REPUBLIKA.CO.ID, VIENNA -- Di tengah kritik besar dari komunitas Muslim, parlemen Austria telah mengabulkan reformasi hukum kontroversial negara tentang Islam. Pemerintah akan menambahkan pembatasan jumlah Masjid, imam, dan pendanaan rumah ibadah.
"Hal yang kami inginkan adalah mengurangi pengaruh politik dan kontrol dari luar negeri," kata Menteri Integrasi Austria, Sebastian Kurz seperti yang dilansir laman islamonline, Jumat (27/2).
Menurut Kurz, pemerintah Austria ingin memberikan Islam kesempatan dalam mengembangkan diri secara bebas dalam masyarakat. Umat Islam juga diharapkan bisa sejalan dengan nilai-nilai Eropa yang ada. Kurz juga menabahkan, aturan ini menggambarkan reformasi yang dijadikan tonggak bagi negara Austria.
Hukum baru Austria terhadap Islam ini akan melarang organisasi-organisasi Muslim yang menerima dana dari luar negeri. Aturan ini juga akan mempengaruhi imam yang bekerja di Austria. Sebab, secara finansial atau dukungan materi, mereka didukung oleh negera Turki.
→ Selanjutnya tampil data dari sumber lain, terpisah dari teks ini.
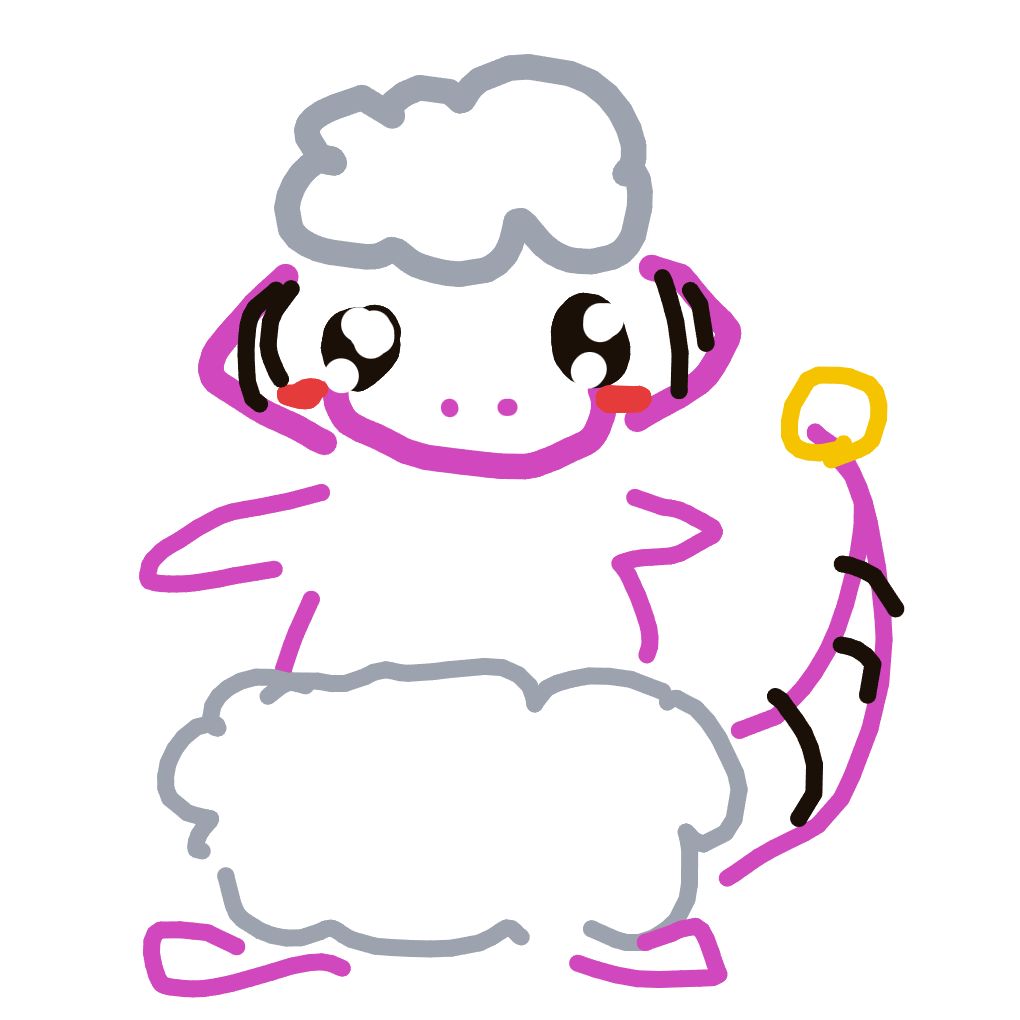 NeoHitmonlee886's drawing of Flaaffy — Pokémon sketch on Sketchdex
Para imam juga telah dilarang untuk memperbaharui visa.
Saat ini, sekitar 300 imam bekerja di negara itu. Jumlah tersebut termasuk 65 ulama Turki. Selain itu, Masjid yang memiliki 300 anggota masyarakat itu juga akan ditutup dalam waktu satu tahun.
Peraturan baru meminta mereka yang memiliki jamaah lebih dari 300 harus mendaftar secara badan hukum. "Kami ingin Islam dengan karakter Austria," ujar Sebastian Kurz.
Muslim Austria diperkirakan berjumlah sekitar setengah juta. Atau, hampir enam persen dari delapan juta penduduk negara Eropa. Di Wina sendiri, Islam merupakan kelompok agama terbesar kedua. Urutan sebelumnya ditempati oleh agama Katolik Roma.